At the Emergency Room (ER), I was given a medication that stopped my heart (yes, my chest went quiet), and restarted it again. When it was restarted, my heart beat was back to normal.
About six months later, I had just finished a press event for a client (I was a PR consultant then) at Raffles Hotel and was bending down to pick up a dropped business card when again, I stood up to a racing heart. Ok, maybe I should have stopped bending to pick up stuff but... Anyway, this time around, I called for an ambulance myself and away I went to ER with Leon joining me later. At the ER, I was given a different drug (apparently they alternate drugs on different days) and this medication slowed my heart down in a gradual manner.
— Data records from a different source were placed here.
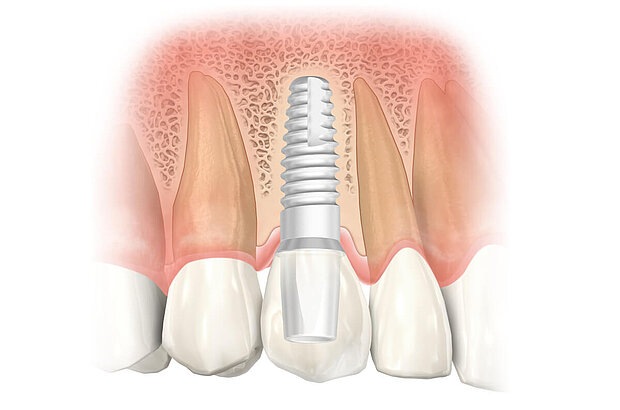 Lange Lebensdauer mit guter Nachsorge und Implantatpflege. Lange Lebensdauer mit guter Nachsorge und Implantatpflege.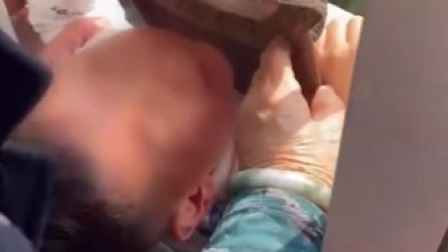 @所有人 奶娃趴窗看景滑倒，头卡8楼防盗窗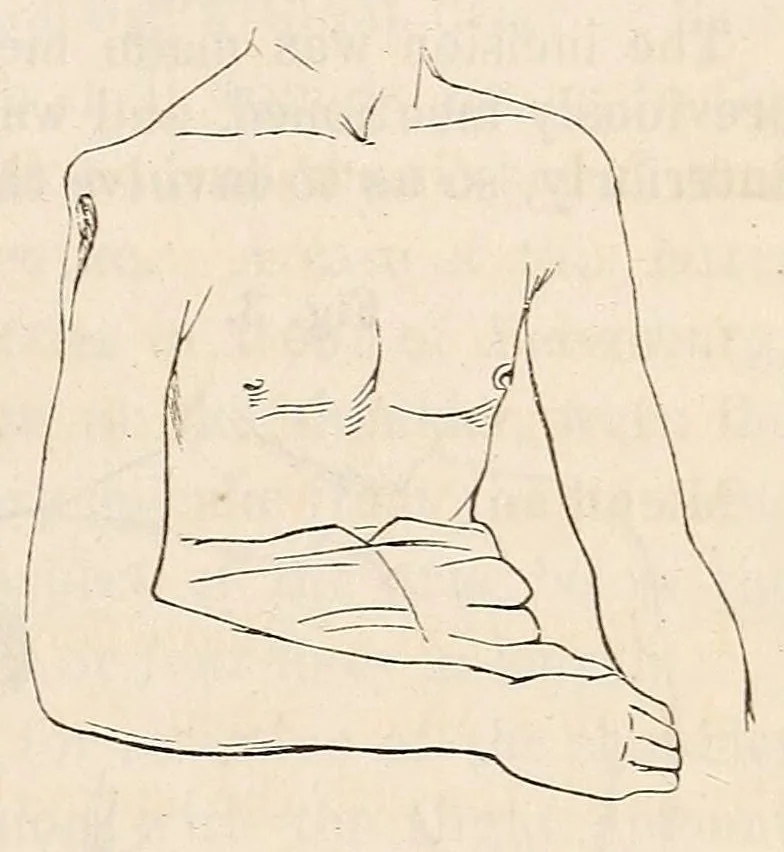 An illustration from The American journal of the medical sciences, 1827, leaf 357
This trip though, I was surrounded by medical students while I was being attended to and I was part of their class for the day. The attending doctor asked about my previous ER visit, and I remember there was this girl who couldn't take notes fast enough and dropped behind to ask me for the name of the medication which stopped my heart. Like I remember.
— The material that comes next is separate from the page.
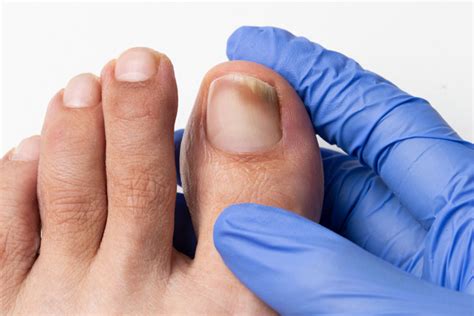 Toenail Fungus Treatment – What are my options? — FOOT & ANKLE CENTERS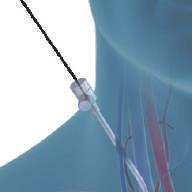 behulp van het Revivent TC via katheter geplaatst ventrikelverbeteringssysteem te bepalen 3.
Now all these must sound scary. The ER experiences where I lay separated by curtains from moaning victims of brutal injuries were frightening. And to this day, the sound of an amublance's wailing siren can cause my stomach to sink, just a little. However, this condition is NOT FATAL, and has been described by my doctors as a LIFESTYLE INCONVENIENCE. I WON'T DIE from it, but it's going to be a bother.
Enter Dr Teo Wee Siong. He's a cardiac electrophysiologist in Singapore. As I understand from a friend who's a doctor, he's the best in Singapore. He wasn't the friendliest kindest doctor, so I learned most of what I know about supraventricular tarchycardia (SVT) from Wiki via Google.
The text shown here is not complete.